■ **Exercise data**:
------------------------------
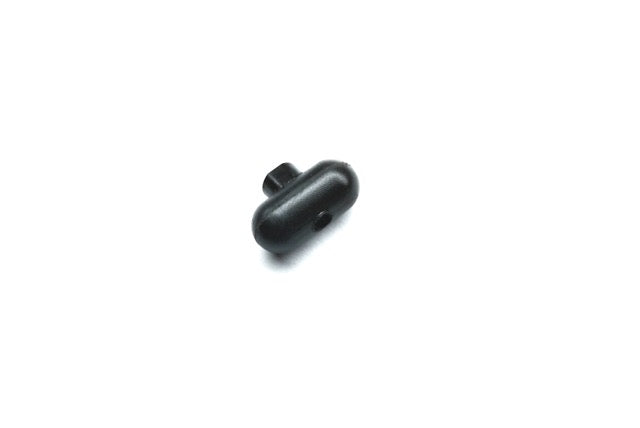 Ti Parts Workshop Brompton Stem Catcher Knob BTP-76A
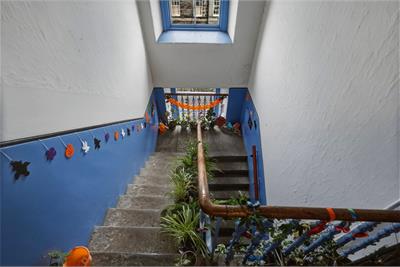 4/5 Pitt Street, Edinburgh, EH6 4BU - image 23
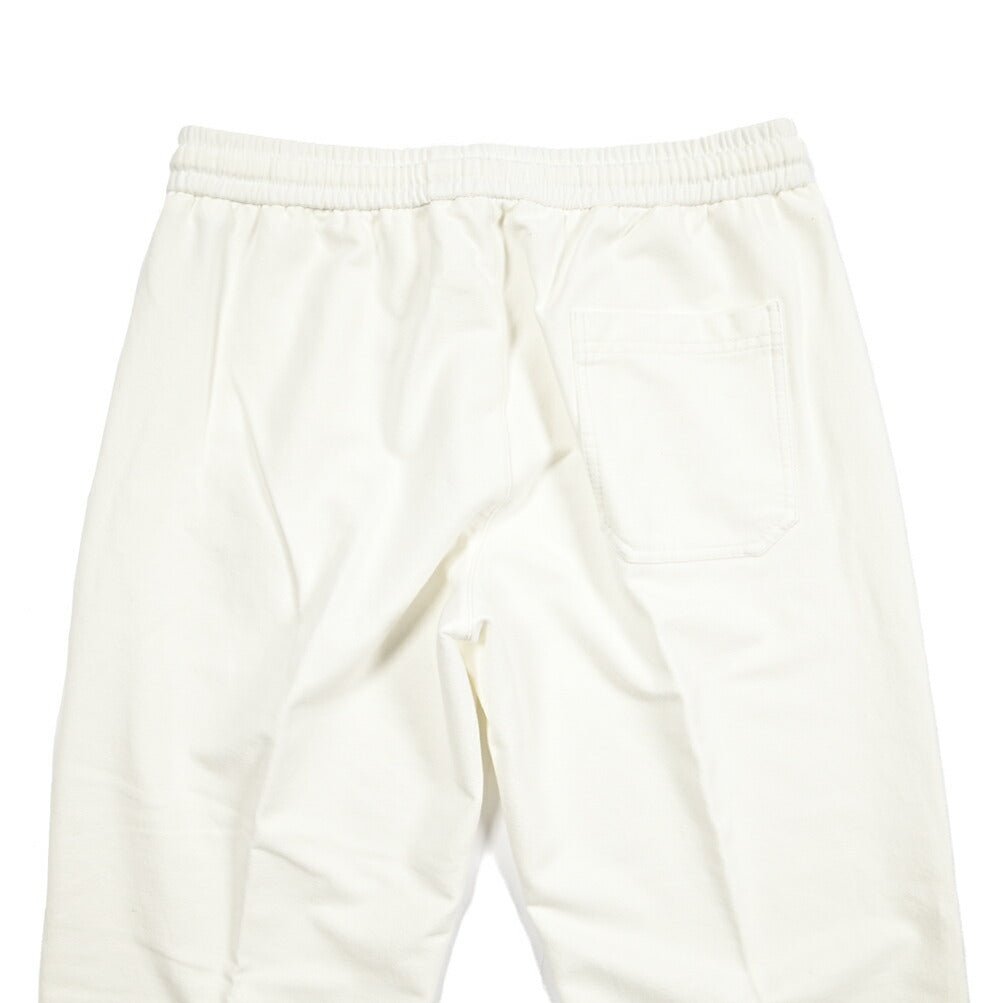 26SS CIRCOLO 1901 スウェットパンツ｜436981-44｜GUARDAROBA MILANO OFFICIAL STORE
------------------------------
■ **What to do**: Could you give back the full listing word for word, leaving out the images?

■ **Response**:
 Ti Parts Workshop Brompton Stem Catcher Knob BTP-76A
 4/5 Pitt Street, Edinburgh, EH6 4BU - image 23
 26SS CIRCOLO 1901 スウェットパンツ｜436981-44｜GUARDAROBA MILANO OFFICIAL STORE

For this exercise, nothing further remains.